The possibility of downward flexible nominal prices with a fixed or shrinking money supply is seriously considered by the Austrian school of economics. The main idea is that total macroeconomic output and real wages can increase even while nominal prices decrease providing the government does not institute policies that impair downward flexible market prices.
Economist Hyman Minsky, by contrast, argues that the private credit sector provides long term financing for long lived real assets and that the future nominal cash payment obligations associated these long term finance contracts must be repaid from future sources of income, or from the ability to refinance debt, or from the sale of real assets. If the money supply is fixed and nominal prices are falling it is almost certain to disrupt the ability to make nominal long term debt repayment.

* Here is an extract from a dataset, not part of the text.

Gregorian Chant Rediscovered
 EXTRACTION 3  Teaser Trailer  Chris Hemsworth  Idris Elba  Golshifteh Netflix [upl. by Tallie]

There are two theories about the problems of systemic debt default. One is that the markets would recover rapidly without interference from the government. The other is that the markets will not recover rapidly if the government does nothing.
Roughly speaking nominal wages should remain fixed but things would still get invented and production would become ever more efficient. So real wages would increase as deflation boosted the purchasing power of your wages.
However, it may not be such a good idea to have a completely fixed money supply and deflation - it may become unstable if people noticed that storing money under your mattress was a perfectly effective way to save. If many savers started doing this then it could induce cycles of bubbles and crashes in the value of money. It would probably be better to deliberately increase the money supply by a few percent each year - just enough so that people were not inclined to save simply by storing money.